CloudEdge SAM Internals

This page explains the architecture, internal implementation, and configuration fields of CloudEdge SAM (Selective Address Mobility) at a level where operators and implementers can both follow "what happens inside". Read What is CloudEdge SAM for the conceptual introduction and Selective Address Mobility for how to author the config first.

The implementation lives in pkg/controller/mobility/. The descriptions here are kept consistent with that code (notably planner.go and controller.go).

Architecture: two planes

CloudEdge SAM cleanly separates reachability from cloud ingress.

Plane 1: overlay reachability — the BGP best path is the truth

Each owned address in a MobilityPool is represented as an IPv4 unicast /32 BGP advertisement.

The holder of a /32 is the node that wins the BGP best path for that prefix.
Non-holder nodes learn remote owned addresses from the BGP best path and install delivery routes via the overlay next hop into the FIB.
Address movement is expressed as BGP withdraw / advertise and path preference changes. Operators never hand-author leases or claims.
Failure detection is accelerated by BFD (FRR bfdd); when BFD is unstable, BGP hold timers remain the non-destructive authority for route withdrawal.

This is the decision in ADR 0012, which replaced the older bespoke ledgers (AddressLease / ownershipEpoch / captureEpoch).

Plane 2: cloud ingress — provider operations are background reconciliation

Packets entering from outside through a VPC / VNet / VCN follow the cloud fabric's routing, not the BGP overlay. So routerd:

assigns the target /32 to the holder VM's NIC as a secondary IP, and
enables forwarding on that NIC (AWS sourceDestCheck=false / Azure ipForwarding=true / OCI skipSourceDestCheck=true / GCP canIpForward=true).

But these are not the source of truth for reachability; they are operations reconciled eventually in the background from the BGP mobility view and provider inventory. Even if the provider API lags, overlay reachability recovers from BGP convergence alone.

The BGP community taxonomy

The BGP communities that mobility attaches to /32 advertisements are the signal wires that tell other nodes a node's role, the provenance of an advertisement, and whether it is the holder.
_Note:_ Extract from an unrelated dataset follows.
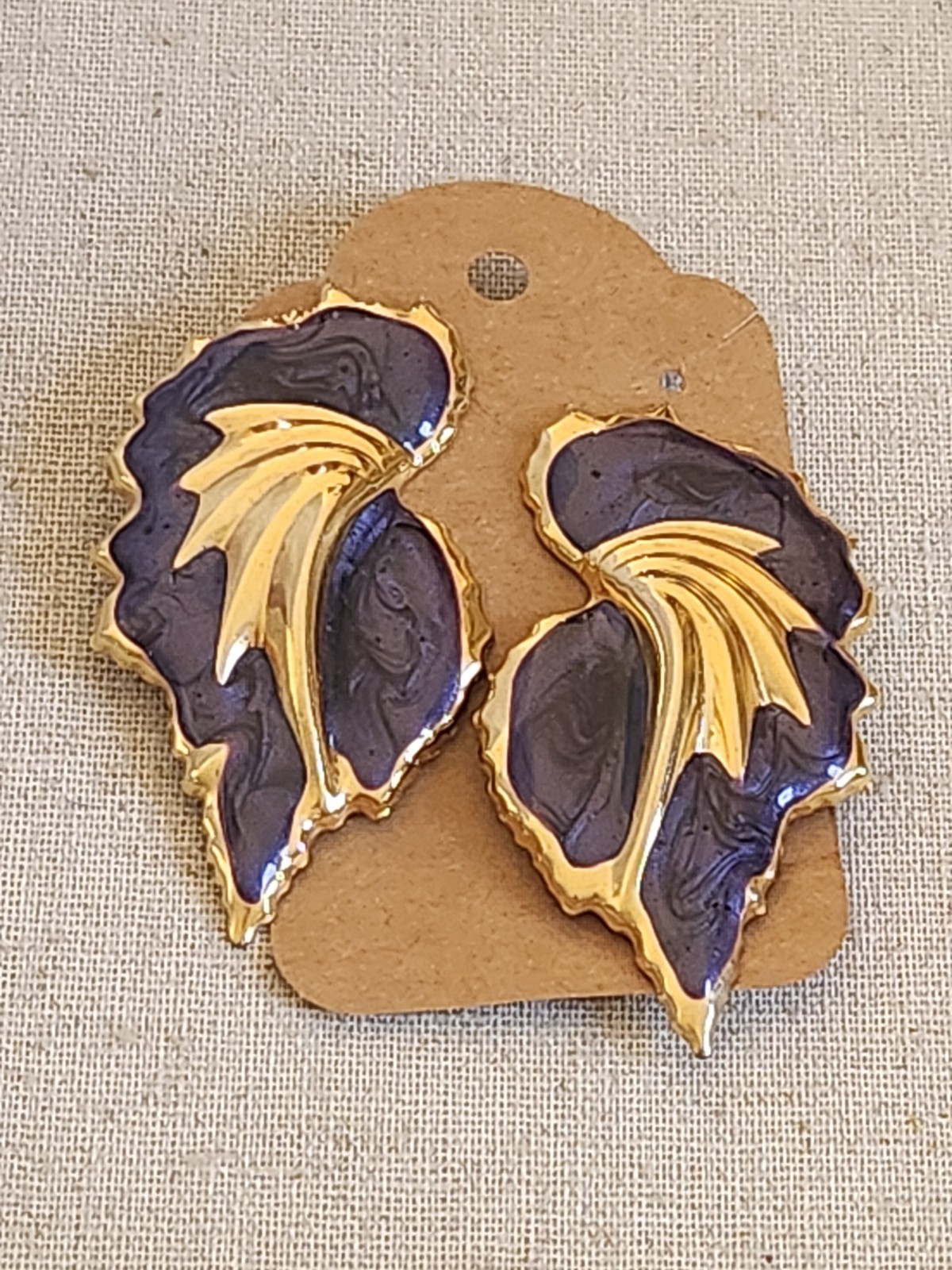 Vtg 1980s Goldtone & Purple Enamel Pierced Earrings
They are defined in pkg/controller/mobility/controller.go.

Community	Constant	Meaning
`64512:100`	`…CommunityOwner`	this advertisement is a mobility owner `/32`
`64512:101`	`…CommunityRoleOnPrem`	advertising node's role is on-prem
`64512:102`	`…CommunityRoleCloud`	advertising node's role is cloud
`64512:110`	`…CommunitySourceObserved`	provenance: observation-derived advertisement
`64512:111`	`…CommunitySourceStatic`	provenance: a static owned-address advertisement
`64512:112`	`…CommunitySourceHandover`	provenance: advertisement during handover
`64512:120`	`…CommunityFailover`	a seize advertisement during failover
`64512:121`	`…CommunityActiveHolder`	holder-beacon: attached only by the active holder
(per node)	node-identity community	identifies which node advertised (derived from nodeRef)
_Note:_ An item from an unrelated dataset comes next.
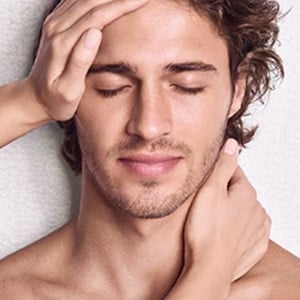 ENERGIZING FACIAL FOR MEN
LOCAL_PREF is set relative to bgpMobilityLocalPrefBase = 200, so an active advertisement carries a higher preference than a standby's make-before-break advertisement.

The holder-beacon (`64512:121`) is the linchpin

bgpMobilityPathAttrs (controller.go) attaches 64512:121 only when the advertisement is from an active holder.

On the receiving side, bgpObservedGroupHolder (planner.go) treats a node as the group holder only when the best path for a /32 carries both the node's node-identity community and 64512:121. This means a:

standby's weak (lower-preference) make-before-break advertisement, and
just-booted (cold-start) advertisement that is not yet active,

are not mistaken for holdership. It is an authoritative holder signal that is plugin-independent (BGP is always present) and best-path-independent (only the active node emits the beacon).

Design history: earlier attempts inferred holdership from next-hop matching or a provider self-scan. Both failed — "the next hop is the tunnel underlay, not the SAM endpoint" and "a node cannot observe its peer's NIC holdings", respectively. Concentrating on a dedicated beacon community on the BGP best path resolves both, including the cold-start mutual-defer deadlock.

Placement: deciding active/standby

Each MobilityPool member has placement.group and placement.priority.

group — the unit that competes for active/standby (e.g. azure-edge).
priority — a lower number is higher priority. Members left at 0 (unset) are auto-numbered 10, 20, 30, … within the group by autoPlacementPriorities.

The decision logic (`evaluatePlacementWithIncumbent`)

Order the non-drained members of the same group by priority ascending, then nodeRef ascending.
Take the head as the active candidate.
No-preempt tie-break: on an equal-priority tie, prefer the current holder (incumbent) over the lexicographic nodeRef winner, so a returning peer does not reclaim a live holder and cause a pointless handoff.
But a strictly higher priority (lower number) member still reclaims — the incumbent override applies only when the incumbent shares the top priority.

When incumbentHolder is empty the logic is pure priority/nodeRef ordering, which is also how the group bootstraps before any holder is observed.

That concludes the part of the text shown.